Für die betroffenen Firmen stellen sich nun die Fragen nach den anwendbaren Gesetzen und Vorgaben, nach deren Geltungsbereichen im Unternehmen und schließlich nach den verschiedenen, nicht immer gleichen Anforderungen an Cybersecurity – von mehrfachen Pflichten zu Registrierung und Meldungen ganz zu schweigen. Wie kann man hier den Überblick behalten?

Anfang Mai hat das Bundesministerium des Innern und für Heimat (BMI) den ersten offiziellen Entwurf des Gesetzes zur Umsetzung der EU NIS-2-Richtlinie veröffentlicht (NIS-2-Umsetzungs- und Cybersicherheitsstärkungsgesetz, kurz NIS2UmsuCG). Das Gesetz soll im Oktober 2024 in Kraft treten und ändert als Artikelgesetz viele weitere deutsche Gesetze. Inhaltlich knüpft es an die bestehende Regulierung der Betreiber kritischer Infrastrukturen (KRITIS) an. Diese sind in Deutschland seit 2015 durch das BSI-Gesetz verpflichtet, für ein angemessenes Niveau von Cybersecurity
in ihren kritischen Anlagen zu sorgen. Die folgenden Ausführungen beruhen auf dem NIS-2-Entwurf vom Mai 2024.[1] Änderungen der Vorgaben im Rahmen des Gesetzgebungsverfahrens sind möglich.

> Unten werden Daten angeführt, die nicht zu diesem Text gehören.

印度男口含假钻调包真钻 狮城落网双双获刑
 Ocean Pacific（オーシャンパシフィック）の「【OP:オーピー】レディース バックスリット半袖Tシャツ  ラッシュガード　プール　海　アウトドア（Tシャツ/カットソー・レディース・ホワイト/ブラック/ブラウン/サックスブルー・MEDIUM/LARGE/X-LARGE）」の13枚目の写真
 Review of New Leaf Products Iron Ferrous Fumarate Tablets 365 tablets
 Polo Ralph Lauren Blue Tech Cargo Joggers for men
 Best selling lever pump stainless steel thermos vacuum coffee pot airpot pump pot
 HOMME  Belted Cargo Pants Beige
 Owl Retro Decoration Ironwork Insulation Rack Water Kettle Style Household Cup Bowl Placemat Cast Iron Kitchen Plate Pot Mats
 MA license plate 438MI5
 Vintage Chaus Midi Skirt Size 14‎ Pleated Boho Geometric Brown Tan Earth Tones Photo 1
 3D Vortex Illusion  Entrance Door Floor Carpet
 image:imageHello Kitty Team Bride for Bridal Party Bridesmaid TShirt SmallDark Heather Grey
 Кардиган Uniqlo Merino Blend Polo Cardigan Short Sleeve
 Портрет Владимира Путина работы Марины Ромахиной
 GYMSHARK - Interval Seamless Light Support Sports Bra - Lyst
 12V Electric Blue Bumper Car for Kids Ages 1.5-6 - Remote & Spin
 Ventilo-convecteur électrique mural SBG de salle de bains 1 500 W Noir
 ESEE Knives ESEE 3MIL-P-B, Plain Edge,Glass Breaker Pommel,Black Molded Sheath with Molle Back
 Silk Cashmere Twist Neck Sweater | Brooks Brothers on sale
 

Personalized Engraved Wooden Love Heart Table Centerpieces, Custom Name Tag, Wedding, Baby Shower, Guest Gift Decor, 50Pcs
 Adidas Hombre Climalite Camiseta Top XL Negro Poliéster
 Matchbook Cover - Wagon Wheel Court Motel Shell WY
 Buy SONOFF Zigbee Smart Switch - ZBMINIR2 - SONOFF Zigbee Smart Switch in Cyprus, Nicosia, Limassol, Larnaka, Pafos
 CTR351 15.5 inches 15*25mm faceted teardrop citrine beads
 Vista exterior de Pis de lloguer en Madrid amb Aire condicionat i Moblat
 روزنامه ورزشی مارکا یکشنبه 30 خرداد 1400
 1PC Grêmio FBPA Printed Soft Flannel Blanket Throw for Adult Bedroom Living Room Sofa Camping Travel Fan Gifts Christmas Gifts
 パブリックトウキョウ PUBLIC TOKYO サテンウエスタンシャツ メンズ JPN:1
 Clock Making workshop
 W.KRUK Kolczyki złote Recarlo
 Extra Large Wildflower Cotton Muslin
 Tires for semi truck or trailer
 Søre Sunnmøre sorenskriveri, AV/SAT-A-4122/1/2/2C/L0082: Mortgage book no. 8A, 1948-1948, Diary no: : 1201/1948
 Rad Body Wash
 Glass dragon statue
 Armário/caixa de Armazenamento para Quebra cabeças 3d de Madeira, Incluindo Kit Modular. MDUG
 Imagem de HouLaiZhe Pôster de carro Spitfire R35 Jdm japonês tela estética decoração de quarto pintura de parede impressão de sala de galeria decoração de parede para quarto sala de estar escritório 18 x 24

Mit dem NIS-2-Umsetzungsgesetz erweitert sich die bisherige KRITIS-Regulierung beträchtlich. Die deutsche Gesetzgebung übernimmt die EU-Methodik zur Festlegung relevanter Unternehmen und definiert in Anlage 1 und 2 des Gesetzentwurfs dazu Sektoren (zum Beispiel „Transport und Verkehr“) und Einrichtungsarten (zum Beispiel „Eisenbahninfrastrukturbetreiber“) sowie einheitliche Firmengrößen für die Betroffenheit: Mitarbeiteranzahl, Umsatz und Bilanzsumme (§ 28 Abs. 1, 2 NIS2UmsuCG (BSIG-E)). Durch die neue Regulierung werden künftig etwa 30.000 Unternehmen in
Deutschland reguliert. Gleichzeitig bleibt die bisherige KRITIS-Methodik parallel bestehen, sodass Unternehmen sowohl NIS-2-Einrichtung als auch KRITIS-Betreiber – dann Betreiber kritischer Anlagen genannt – sein können.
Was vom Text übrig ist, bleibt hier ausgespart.